Spark是一款快速通用的大数据集群计算系统。它提供了Scala、Java、Python和R的高级api,以及一个支持用于数据分析的通用计算图的优化引擎。它还支持一组丰富的高级工具,包括用于SQL和DataFrames的Spark SQL、用于机器学习的MLlib、用于图形处理的GraphX和用于流处理的Spark Streaming。

Spark on Volcano

当前,有两种方式可以支持Spark和Volcano集成: - Spark on Kubernetes native支持: 由Apache Spark社区和Volcano社区共同维护。 - Spark Operator支持: 由GoogleCloudPlatform community和Volcano社区共同维护。

Spark on Kubernetes native支持 (spark-submit)

从Apache Spark v3.3.0版本及Volcano v1.5.1版本开始,Spark支持Volcano作为自定义调度,查看链接了解更多。
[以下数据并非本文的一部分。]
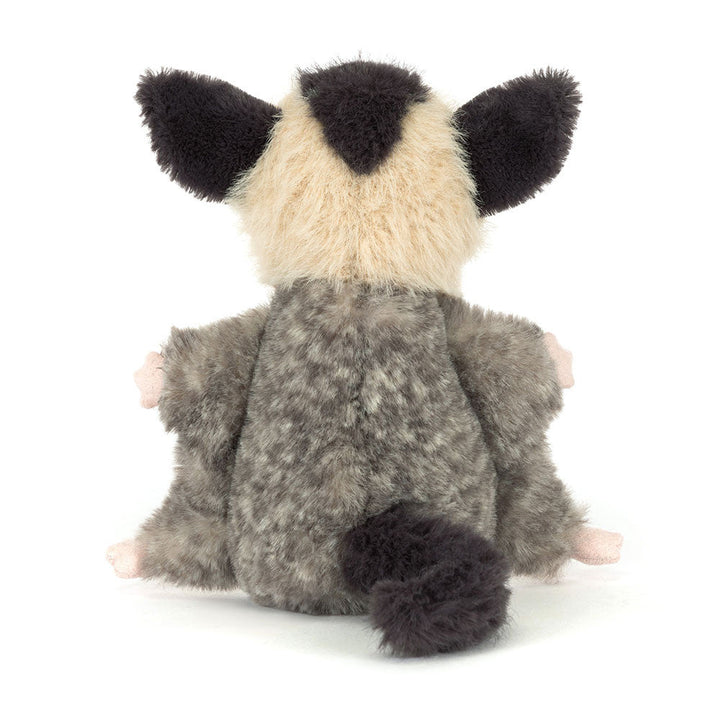 Jellycat Jellycat Lolly Sugar Glider plush toys and stuff animal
Spark Operator支持 (spark-operator)

通过helm安装spark-operator。

$ helm repo add spark-operator https://googlecloudplatform.github.io/spark-on-k8s-operator

$ helm install my-release spark-operator/spark-operator --namespace spark-operator --create-namespace

为确保spark-operator已经正常运行,通过如下指令查看。

$ kubectl get po -nspark-operator

这里是用官方提供的spark-pi.yaml.

apiVersion: "sparkoperator.k8s.io/v1beta2"
kind: SparkApplication
metadata:
  name: spark-pi
  namespace: default
spec:
  type: Scala
  mode: cluster
  image: "gcr.io/spark-operator/spark:v3.0.0"
  imagePullPolicy: Always
  mainClass: org.apache.spark.examples.SparkPi
  mainApplicationFile: "local:///opt/spark/examples/jars/spark-examples_2.12-3.0.0.jar"
  sparkVersion: "3.0.0"
  batchScheduler: "volcano"   #Note: the batch scheduler name must be specified with `volcano`
  restartPolicy:
    type: Never
  volumes:
    - name: "test-volume"
      hostPath:
        path: "/tmp"
        type: Directory
  driver:
    cores: 1
    coreLimit: "1200m"
    memory: "512m"        
    labels:
      version: 3.0.0
    serviceAccount: spark
    volumeMounts:
      - name: "test-volume"
        mountPath: "/tmp"
  executor:
    cores: 1
    instances: 1
    memory: "512m"    
    labels:
      version: 3.0.0
    volumeMounts:
      - name: "test-volume"
        mountPath: "/tmp"

部署spark应用并查看状态。

$ kubectl apply -f spark-pi.yaml
$ kubectl get SparkApplication